Figure 1.

eEF1A is sensitive to Ca²⁺-regulated, membrane-associated proteases. Recombinant eEF1A or PI4Kα catalytic domain was added to 112 μg of microsomal protein in the absence (−) or presence (+) of CaCl₂ in a 120-μL reaction mixture, as described in “Materials and Methods.” Thirty-five-microliter aliquots were removed at the times indicated, and proteins were separated by SDS-PAGE and analyzed by western blots using an antibody to the six-His tag. The Ca²⁺ concentration was 1 mm in A and 100 μm in B. A, The amount of recombinant eEF1A (reEF1A) added to the microsomes was varied. Lane 1, 1.2 μg; lane 2, 0.8 μg; lane 3, 0.4 μg; lane 4, 1.2 μg; lane 5, 1.2 μg; lane 6, 0.8 μg; lane 7, 0.4 μg.
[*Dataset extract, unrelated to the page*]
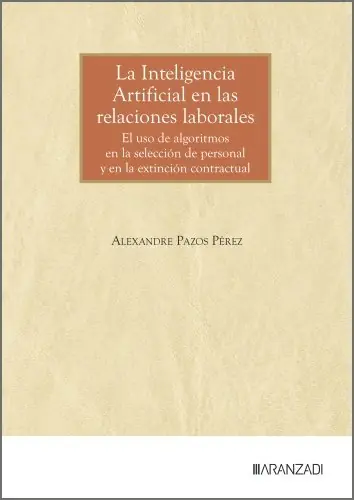 Disponible Ahora La inteligencia artificial en las relaciones laborales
Lanes 1 through 4 are −Ca²⁺ and lanes 5 through 7 are +1 mm Ca²⁺. Lanes 1 through 3 and 5 through 7 were incubated 20 min; lane 4 was placed immediately into sample buffer. B, Recombinant proteins (1 μg) were incubated with the microsomes for 10 min (lanes 2–9) or added immediately to sample buffer, lane 1. Lanes 1 through 5, recombinant eEF1A; lane 1, 2, and 3 are −Ca²⁺. Lanes 4 and 5 are +100 μm Ca²⁺. Lanes 6 through 9, recombinant PI4Kα (rPI4Kα) catalytic domain; lanes 6 and 8, are +100 μm Ca²⁺ and lanes 7 and 9 are −Ca²⁺.